It’s the beginning of high school football season across this glorious land. I honestly love nothing more than getting back on the gridiron with the high school kids. There are so many intangibles that the beginning of any sport brings; and in our massive consumption of football world this sport seems to bring a lot of people together, quickly. You will see a lot of this “love for the sport” breeding through my posts and rants – the same love I have for all sports. Seeing kids overcome hurdles and demons and using sport/activity to express their selves is awesome. Seeing boys and girls using sports as a conduit to become better men and women by learning virtues such as: integrity, commitment, discipline and expecting to succeed.
Over the years I have obviously developed a keen eye for concussion as it relates to sport. There is no greater sport for this injury to occur at my high school than football. I have been blessed with coaches and administrators that listen to my input regarding overall safety, particularly when it comes to concussion. But this past week I noticed something that perhaps I had seen plenty of times before, but it just finally hit me.
It has to do with the practice collisions and how things that start innocently enough can change and create issues. I must give my head coach massive credit for being on the same wave length and even finishing my sentences when we were discussing my observations. It shows, to me, that he has the best interest of the players in mind – and he wants a fully healthy team. Secondly I happened to read a recent research paper about data collection on forces in football (while writing up my Sensor Overload post).

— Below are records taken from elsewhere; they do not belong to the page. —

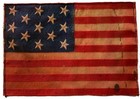 Very Rare Circa 1876 Antique 13 Star Centennial American Parade Flag Folk Art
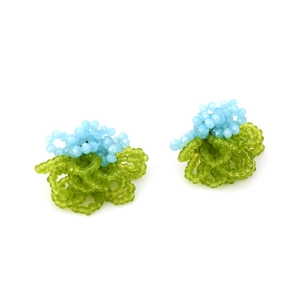 Handmade beaded flower earrings with blue crystal beads and green fringe tassels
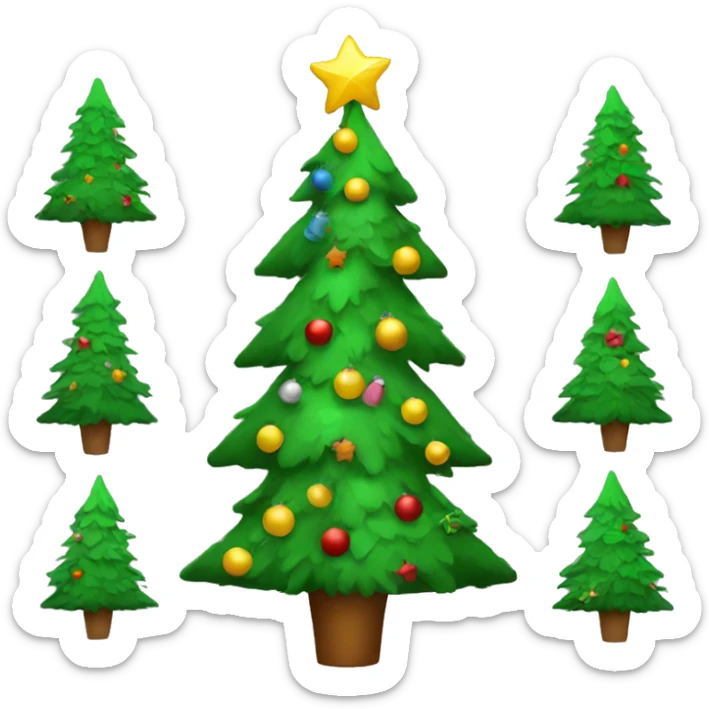 Modern Christmas tree sticker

In a simple “technique” tackling drill two players were approximately five yards apart. To either side of the players were agility bags spaced at about 4 yards. The purpose of the drill was for the ball carrier to angle run to either bag, while the defensive player was to use proper technique and wrap up the ball carrier – not taking him to the ground. The players were outfitted in helmets and shoulder pads only. The players were directed to begin at “3/4” speed and the ball carrier was to be willing to let the defender use current “proper technique” to achieve the form and fit for a tackle (face mask up, wrap-lift-drive through the man). It started all well and good, and the players naturally began to increase their speed/effort as they became comfortable with the drill. The drill lasted five minutes from setup to finish.